Extreme heat is defined as the number of days in a month (each year) that a state experiences an average temperature above 90 degrees F. The regressions include state‐​month fixed effects so the effect of extreme heat stems from the variation in the number of above‐​90 days around its long‐​term average. In the 10 percent of states with the highest above‐​90 frequency, the mortality effect of one day above 90 is only a 0.68 percent increase, while in the coldest 10 percent of states the effect of a 90 degree day is a 31 percent increase in mortality.

This evidence is consistent with long‐​term adaptation. People who live in areas with the largest number of hot days have a much lower mortality rate from hot days.

The authors then estimate the effect on the data pre‐ and post‐​1960, when the diffusion of residential air conditioning started. The effect of above–90 degree days on mortality declined 90 percent in both hot and cold states from the earlier era to the latter. Thus the effect of heat on mortality in cold states is still 10 times the effect in hot states after 1960. The effect of an additional 90‐​degree day in cold states from 1980 to 2004 is the same as it was in the hottest 10 percent of states from 1900 to 1939. Adaptation does happen, but it is slow and costly.

Command and Control Versus Externality Taxes

“Toward a Pigovian State,” by Jonathan S. Masur and Eric A. Posner. February 2015. SSRN #2559393.

Why don’t government agencies use Pigovian taxes to remedy externality problems? The conventional wisdom is that they are not permitted to do so by the statutes that govern their actions. In this paper, Jonathan Masur and Eric Posner argue that, to the contrary, current laws do allow agencies to do this.

An agency like the U.S. Environmental Protection Agency could levy a tax in the following way: Set an emissions limitation at zero. Set the fine for emitting a unit of pollution equal to the appropriate Pigovian tax. Initiate an administrative proceeding against all polluters to collect the fines. Voilà—the fines would work exactly like a Pigovian tax.

The remainder of the paper explores regulatory law in a variety of policy areas to convince the reader that command‐​and‐​control regulation could be replaced by externality prices, and such actions would be upheld by the courts.

Shale Gas Development and Housing Values

“Shale Gas Development and Housing Values over a Decade: Evidence from the Barnett Shale,” by Jeremy G. Weber, J. Wesley Burnett, and Irene M. Xiarchos. July 2014. SSRN #2467622.

Most discussions of the costs and benefits of shale gas development describe diffuse benefits for consumers and concentrated costs for the producing areas. Those costs result in externalities from “industrial” development in areas that have not typically experienced them. That tradeoff influences policymakers’ decisions on whether to allow shale oil extraction. For instance, an evaluation indicating high localized costs led New York Gov. Andrew Cuomo (D) to ban horizontal fracturing shale drilling in the state in December 2014.

But do producing areas actually experience net costs? In Texas the value of oil and gas rights is part of the local property tax base. Thus localities receive tax revenues from oil and gas development and can finance local public amenities without increasing property taxes.
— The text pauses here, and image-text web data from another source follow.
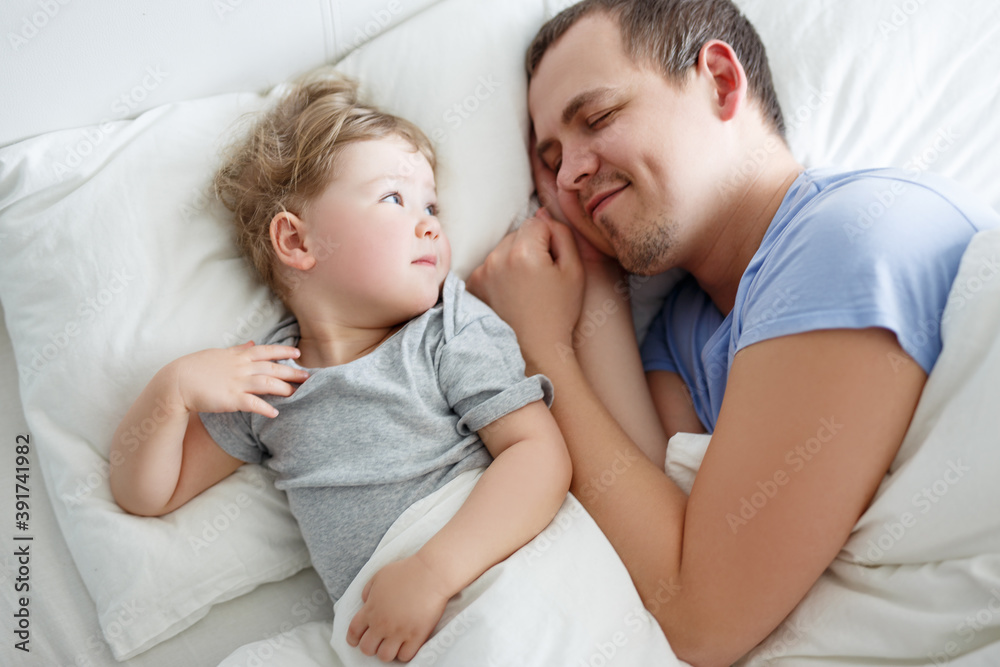 top view of happy father and cute little daughter waking up at home top view of happy father and cute little daughter waking up at home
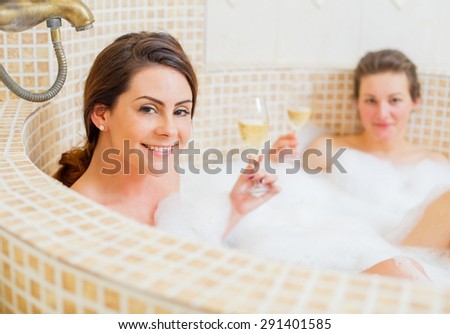 Lady with her partner drinking champagne in the foam bath.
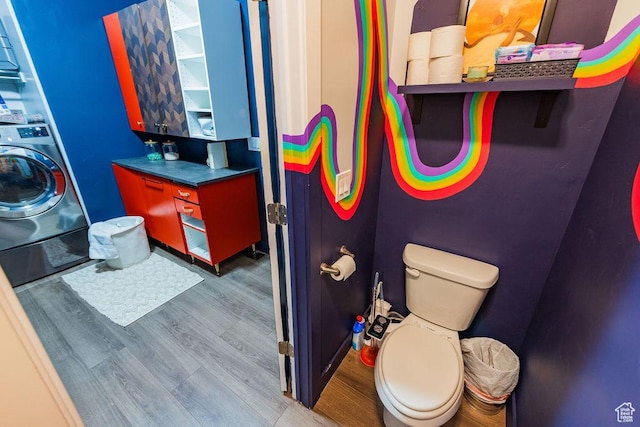 7390 N Pawnee Rd, Eagle Mountain, UT 84005 - bathroom featuring washer / clothes dryer and wood finished floors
How large are those benefits? House values include all public and private costs and benefits that flow from occupancy of a particular home. The Barnett shale area splits the Dallas–Fort Worth area in half; all of the wells are in the western part of the metro area. The authors of this paper seize on that geological accident to determine whether shale development produces net benefits and thus increases housing values.

Over the entire 1997–2013 period, shale ZIP codes in the Dallas–Fort Worth area appreciated 5 to 6 percentage points more than non‐​shale ZIP codes. By 2012 the local tax base of ZIP codes with shale had expanded by $82,000 per public school student. However, within shale ZIP codes, greater well density was associated with less appreciation, indicating some local disamenities. Nonetheless, these results suggest that improved local finances have more than offset whatever disamenities result from shale development for the typical homeowner.

E‑Cigarette Taxation

“Should E‑Cigarettes Be Taxed?” by Alex Brill, Sally Satel, and Alan D. Viard. October 2014. SSRN #2515026.

In these pages, Jonathan Adler et al. recently argued that, for political reasons, heavy taxation of electronic cigarette is forthcoming (“Bootleggers, Baptists, and E‑Cigs,” Spring 2015). This paper, by Alex Brill et al., considers these taxes from a public policy perspective and finds the economic case for such taxation to be lacking.

The federal cigarette tax (currently about $1 a pack) is now five times higher in real terms than it was 32 years ago. Federal revenue from the tax in 2013 was $16 billion, or 0.6 percent of all federal revenue. State taxes range from 17 cents per pack in Missouri to $4.35 in New York. Combined taxes in Chicago are now $7.17 per pack, the highest in the country.

The original rationale for tobacco taxation was that it was a luxury good (rather than for health reasons). But today, tobacco use is inversely related to income, which contradicts the notion of cigarettes as a “luxury.” In fact, cigarette taxes are regressive; 3.2 percent of household income is spent on tobacco in the lowest quarter of the income distribution while only 0.4 percent is spent in the highest quarter.

Both the externality and paternalism rationales now used to justify tobacco taxation depend on adverse health effects, but e‑cigarettes don’t have such effects. There are no carcinogenic combustion gases or particles inhaled either by the consumer or second‐​hand by other people. The only recognized health concern for e‑cigarettes is that the consumer inhales nicotine, but, in the words of Mitch Zeller, the head of the U.S. Food and Drug Administration’s tobacco division, “I’m not saying nicotine is benign, but compared to the risk from regular tobacco it pales.”

According to the authors,

It would make sense to tax e‑cigarettes if they pose serious health risks or lead to an increase in smoking. As discussed, however, the evidence does not point to serious health risks or to e‑cigarettes serving as a gateway to smoking. Therefore e‑cigarettes should not be taxed at this time.

Effects of Extended Unemployment Insurance

“The Effect of Extended Unemployment Insurance Benefits: Evidence from the 2012–2013 Phase‐​Out,” by Henry S. Farber, Jesse Rothstein, and Robert G. Valletta. January 2015. SSRN #2558363.

The spike in unemployment during the last recession rekindled the debate over disincentives from unemployment insurance. On one side, people argue that the duration of unemployment benefits should be extended in recessions because of the moribund jobs market. On the other side, people argue that extending the benefits would reduce the incentive for the unemployed to find jobs, which would perpetuate their unemployment.

This paper, by Henry Farber, Jesse Rothstein, and Robert Valletta, attempts to determine how severe was the employment disincentive effect of unemployment insurance in the wake of the last recession. The authors find that the availability of extended benefits did reduce the monthly exit rate from the program (which is normally around 20 percent) to about 17 percent. But the decline did not adversely affect exit due to employment; rather, it affected exit due to the beneficiary dropping out of the labor force. That is, when extended benefits are ended, people do not increasingly find work; they increasingly drop out of the labor force.

According to the authors,

UI extensions have not had large moral hazard effects on recipients’ job‐​finding rates, either during the worst period of the Great Recession or during the subsequent recovery…. UI extensions around the Great Recession had very limited impacts on labor market efficiency.